R Data Analysis Workshop – Efficient and reproducible data analysis techniques for ecologists by Ben Fanson

Ben FansonLecturer: Dr Ben Fanson
Date: First week of Sept to mid-Nov 2014 (10 weekly meetings)
Time and Place: To be decided closer to start

Abstract:
With the exponential increase in the amount of data being collected, data analysis is quickly becoming a rate limiting step in scientific discovery. With these larger and more complex datasets, basic data analysis approaches (e.g. Excel, cut/paste, drop-down menu graphing) are inefficient, error-prone, and lack reproducibility.

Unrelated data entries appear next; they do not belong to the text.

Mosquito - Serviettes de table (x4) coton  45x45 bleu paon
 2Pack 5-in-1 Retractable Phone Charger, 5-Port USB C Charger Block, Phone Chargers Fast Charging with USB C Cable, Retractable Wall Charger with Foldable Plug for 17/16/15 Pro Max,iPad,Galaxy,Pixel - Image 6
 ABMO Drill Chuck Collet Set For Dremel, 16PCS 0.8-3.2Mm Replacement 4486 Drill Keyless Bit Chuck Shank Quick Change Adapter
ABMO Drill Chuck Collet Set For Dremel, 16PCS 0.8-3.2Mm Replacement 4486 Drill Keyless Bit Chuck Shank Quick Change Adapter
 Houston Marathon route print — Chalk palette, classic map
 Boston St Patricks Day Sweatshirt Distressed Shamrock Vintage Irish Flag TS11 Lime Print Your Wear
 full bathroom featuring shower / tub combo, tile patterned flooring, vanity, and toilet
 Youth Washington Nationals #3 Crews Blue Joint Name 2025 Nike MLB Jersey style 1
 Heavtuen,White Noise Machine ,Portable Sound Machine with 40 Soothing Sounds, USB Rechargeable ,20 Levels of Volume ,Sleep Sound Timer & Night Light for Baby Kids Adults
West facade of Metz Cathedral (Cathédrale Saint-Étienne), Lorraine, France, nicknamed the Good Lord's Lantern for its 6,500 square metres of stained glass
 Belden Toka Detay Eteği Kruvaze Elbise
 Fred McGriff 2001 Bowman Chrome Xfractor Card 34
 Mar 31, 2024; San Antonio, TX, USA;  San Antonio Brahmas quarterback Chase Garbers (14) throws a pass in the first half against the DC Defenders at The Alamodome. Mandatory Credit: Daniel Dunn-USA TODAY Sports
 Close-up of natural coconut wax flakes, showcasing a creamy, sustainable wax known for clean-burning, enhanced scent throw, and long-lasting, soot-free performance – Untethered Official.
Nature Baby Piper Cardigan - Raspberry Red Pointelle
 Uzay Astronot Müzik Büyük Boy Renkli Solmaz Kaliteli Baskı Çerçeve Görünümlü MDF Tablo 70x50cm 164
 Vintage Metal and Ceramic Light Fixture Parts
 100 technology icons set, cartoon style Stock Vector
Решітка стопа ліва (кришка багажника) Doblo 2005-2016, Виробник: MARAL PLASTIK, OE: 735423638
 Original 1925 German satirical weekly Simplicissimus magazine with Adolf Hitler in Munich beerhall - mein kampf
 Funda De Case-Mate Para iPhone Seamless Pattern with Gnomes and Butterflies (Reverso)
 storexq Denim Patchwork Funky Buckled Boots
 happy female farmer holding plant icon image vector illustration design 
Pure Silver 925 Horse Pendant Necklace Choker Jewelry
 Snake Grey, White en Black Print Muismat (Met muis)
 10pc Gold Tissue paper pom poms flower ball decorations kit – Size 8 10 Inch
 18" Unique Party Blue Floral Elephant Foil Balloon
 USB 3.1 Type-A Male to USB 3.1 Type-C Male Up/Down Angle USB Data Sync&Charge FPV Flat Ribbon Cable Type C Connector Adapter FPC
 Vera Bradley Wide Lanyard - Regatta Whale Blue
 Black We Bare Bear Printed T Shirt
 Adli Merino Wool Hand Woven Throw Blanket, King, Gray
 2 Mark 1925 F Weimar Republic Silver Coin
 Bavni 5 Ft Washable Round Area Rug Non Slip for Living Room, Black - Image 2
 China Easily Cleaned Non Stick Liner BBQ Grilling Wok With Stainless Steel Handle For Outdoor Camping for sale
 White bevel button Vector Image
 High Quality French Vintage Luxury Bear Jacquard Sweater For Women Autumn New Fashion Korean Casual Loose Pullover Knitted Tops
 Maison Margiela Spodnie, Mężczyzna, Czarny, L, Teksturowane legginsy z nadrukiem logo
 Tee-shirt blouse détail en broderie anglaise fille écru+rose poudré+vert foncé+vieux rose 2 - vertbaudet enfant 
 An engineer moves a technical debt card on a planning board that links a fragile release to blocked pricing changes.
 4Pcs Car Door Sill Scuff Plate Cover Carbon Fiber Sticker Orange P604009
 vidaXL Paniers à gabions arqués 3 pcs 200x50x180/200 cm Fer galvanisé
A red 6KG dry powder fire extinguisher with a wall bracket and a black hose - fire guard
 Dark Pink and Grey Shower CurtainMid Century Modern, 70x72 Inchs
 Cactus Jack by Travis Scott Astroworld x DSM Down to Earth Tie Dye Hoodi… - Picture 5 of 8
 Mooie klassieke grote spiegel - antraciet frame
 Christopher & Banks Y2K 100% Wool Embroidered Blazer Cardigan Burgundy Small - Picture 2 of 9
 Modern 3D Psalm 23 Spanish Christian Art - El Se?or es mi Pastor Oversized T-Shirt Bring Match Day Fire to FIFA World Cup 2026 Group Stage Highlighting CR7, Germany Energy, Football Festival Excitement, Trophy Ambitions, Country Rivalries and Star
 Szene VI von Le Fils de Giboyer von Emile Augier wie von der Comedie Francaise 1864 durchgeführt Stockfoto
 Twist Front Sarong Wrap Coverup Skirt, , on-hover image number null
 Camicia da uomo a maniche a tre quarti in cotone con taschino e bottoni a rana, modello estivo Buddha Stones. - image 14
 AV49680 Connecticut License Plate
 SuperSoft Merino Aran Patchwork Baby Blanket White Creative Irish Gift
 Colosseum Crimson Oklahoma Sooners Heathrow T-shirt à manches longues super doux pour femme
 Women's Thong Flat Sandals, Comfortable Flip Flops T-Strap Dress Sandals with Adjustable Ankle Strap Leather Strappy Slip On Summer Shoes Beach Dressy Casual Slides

Consequently, advanced data analysis skills are becoming essential for most researchers. The aim of this workshop is to develop these necessary skills that are fundamental to all analysis approaches. In this workshop, participants will learn efficient workflows used by data analysts that minimize errors and promote reproducibility.

The participant will implement workflows using the most widely used analysis platform in academy: R. By the end of the workshop, the participant will understand proper data management, how to clean and summarise data, and methods for visualising data.

Workshop Structure:
The first 10 workshop sessions will be held weekly, lasting up to 75 minutes, and will consist of a ~30-40 min presentation followed by hands on programming exercises.

These 10 sessions will provide the core concepts and skills for analysing data. As with any language, participants will get the most of the workshop if they practice these skills outside the sessions. Following these 10 sessions, if there is interest, special topic sessions could be held to discuss more specific analysis approaches and packages (e.g. lmer package in R, geomapping in R).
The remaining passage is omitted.